The NMAAHC official summoned an armed, uniformed police officer from the Office of Protection Services (OPS).  Two additional OPS officers arrived. One was a female officer, who was likely summoned due to the fact that Ms. Hawkins, a woman, was present.
The senior OPS officer warned Pastor Childress and Ms. Hawkins that if they did not move to a location across the street, then he and his fellow officers would physically move them. Meaning, if Pastor Childress and Ms. Hawkins did not cease their expressive activity on this public sidewalk, these armed officers would force them to move. The OPS officer also confirmed that if they did not move, they would be subject to arrest.
Rather than face arrest or physical force, Pastor Childress and Ms.
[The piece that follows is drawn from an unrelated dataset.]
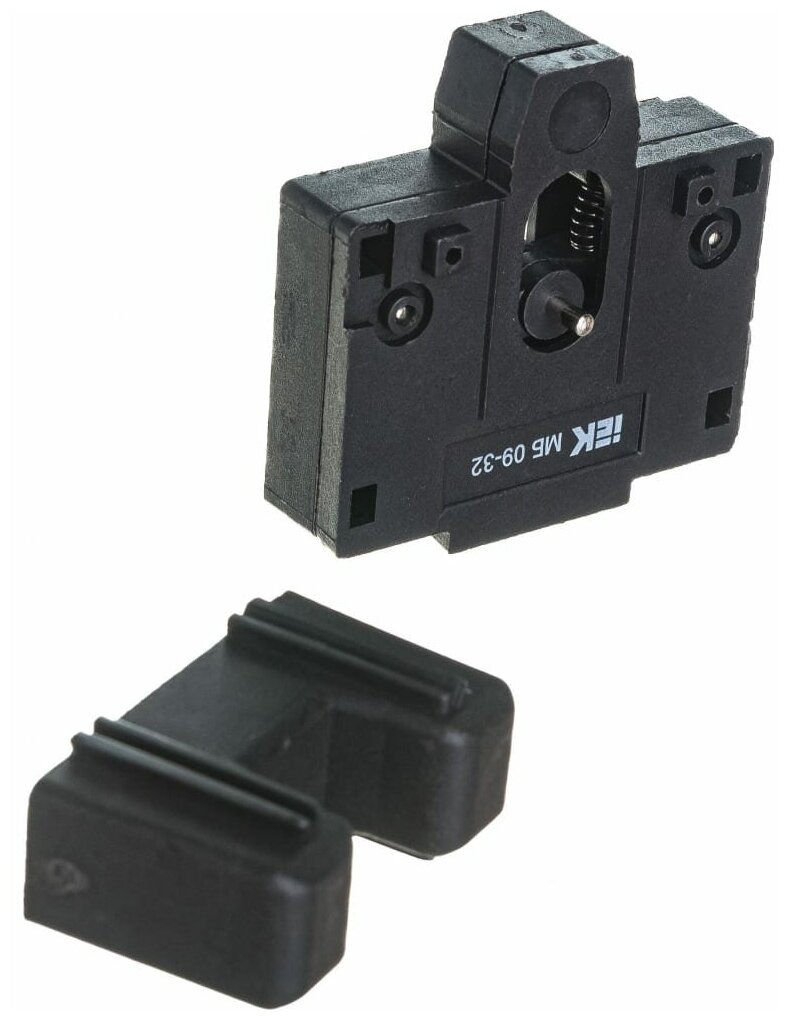 Механическая блокировка для контакторов 9-32А IEK KKM10D-MB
Hawkins ceased their expressive activity and moved per the officer’s order. The OPS officer, acting on behalf of NMAAHC, forced Pastor Childress and Ms. Hawkins to move to a location where they could not reach their target audience and where their message would be silenced. Indeed, the steady stream of busses that ran on Madison Drive between them and their target audience ensured that their pro-life message would be blocked. Moreover, this location prevents Pastor Childress and Ms. Hawkins from distributing literature and from engaging in the “conversation” with museum visitors that Mr. Bunch, the Director of NMAAHC and a defendant in this case, deemed so critical to the mission of the museum.
A photograph of the location where Pastor Childress and Ms. Hawkins were ordered to move to appears below:
CASE UPDATE (8/30/17): The federal government entered into a stipulation whereby it finally acknowledged that the public sidewalks outside of the museum were public fora open to the free speech rights of the pro-life demonstrators. The government also agreed to pay AFLC $4,500 in attorneys’ fees. The case is closed.